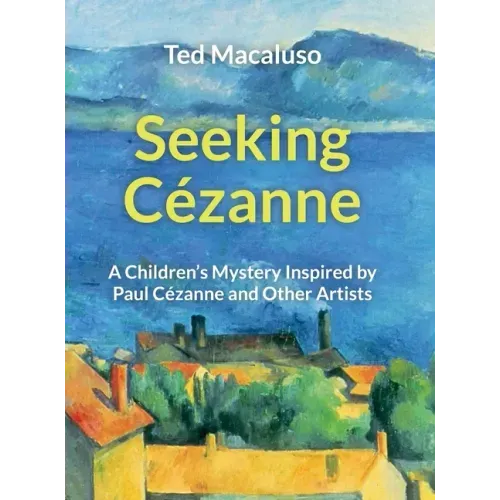 Seeking Cézanne: A Children's Mystery Inspired by Paul Cézanne and Other Artists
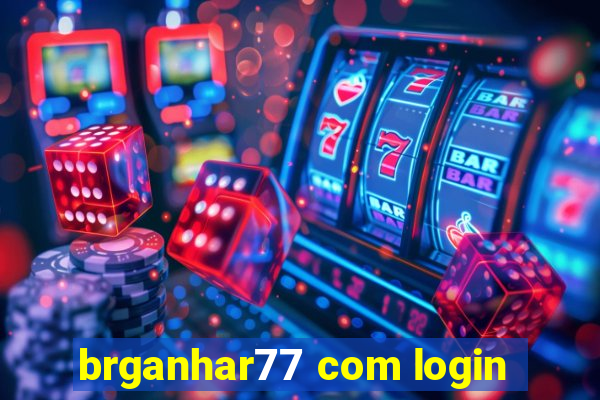 brganhar77 com login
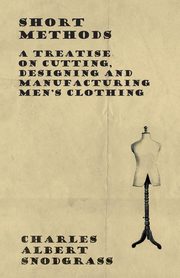 Short Methods - A Treatise on Cutting, Designing and Manufacturing Men's Clothing, Snodgrass Charles Albert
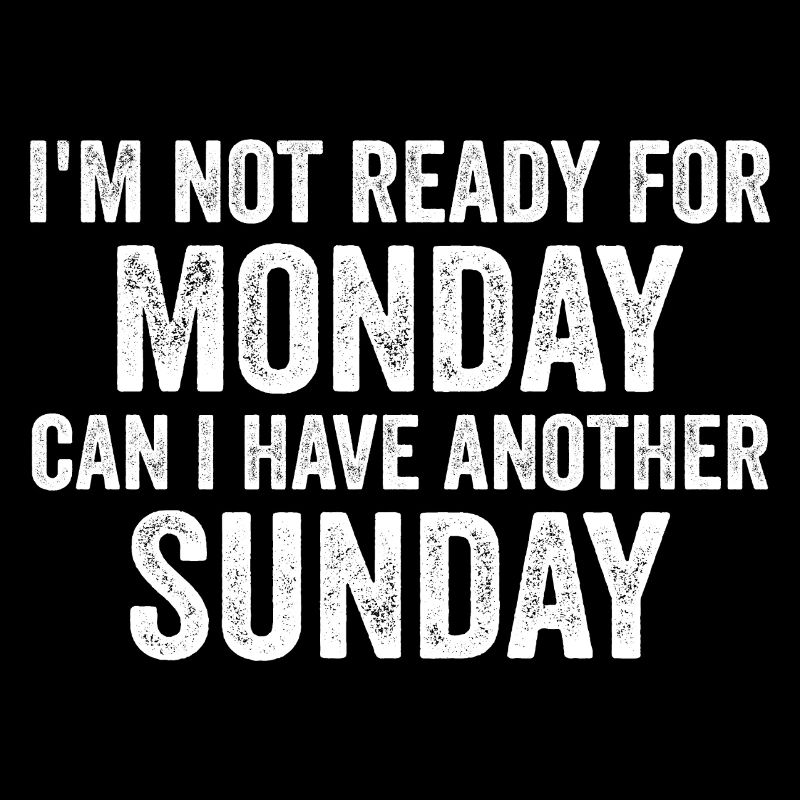 I'm Not Ready For Monday Can I Have Another Sunday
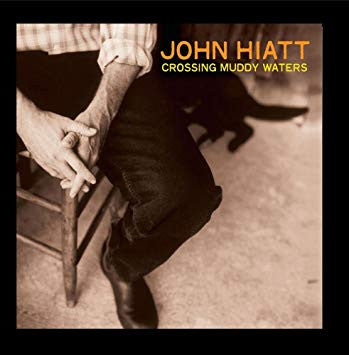 John Hiatt - Crossing Muddy Waters [Translucent Orange Vinyl]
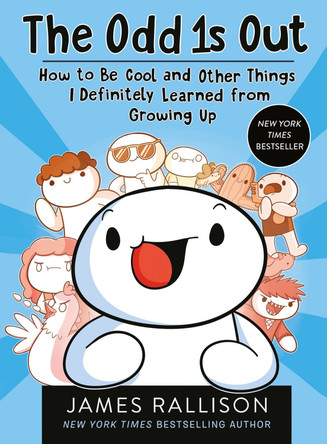 The Odd 1s Out: How to Be Cool and Other Things I     Definitely Learned from Growing Up by James Rallison 9780702328824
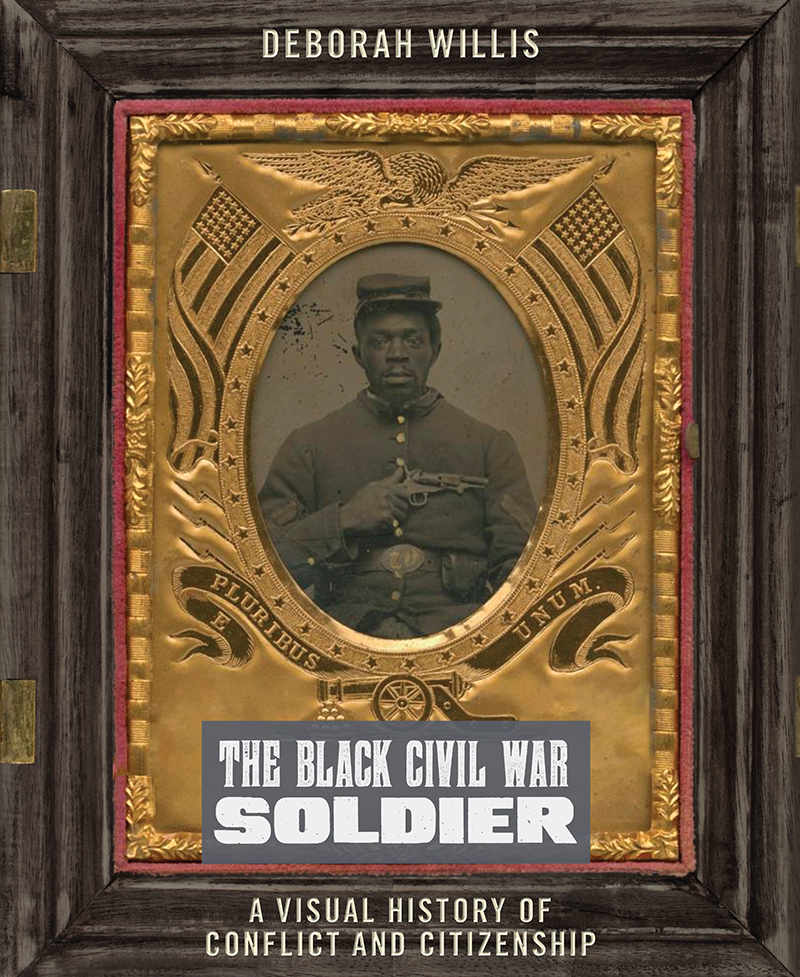 The Black Civil War Soldier: A Visual History of Conflict and Citizenship by Deborah Willis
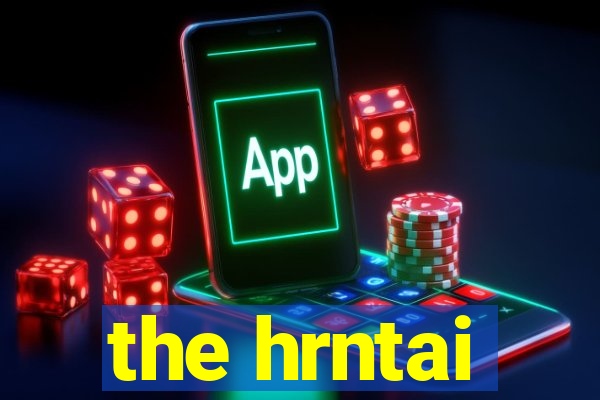 the hrntai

Requirement
Go to the line above that has "I'm Not Ready" and copy exactly from there down to the line that has "The Odd 1s Out: How", both included. Leave the pictures out.

Final answer
 I'm Not Ready For Monday Can I Have Another Sunday
 John Hiatt - Crossing Muddy Waters [Translucent Orange Vinyl]
 The Odd 1s Out: How to Be Cool and Other Things I     Definitely Learned from Growing Up by James Rallison 9780702328824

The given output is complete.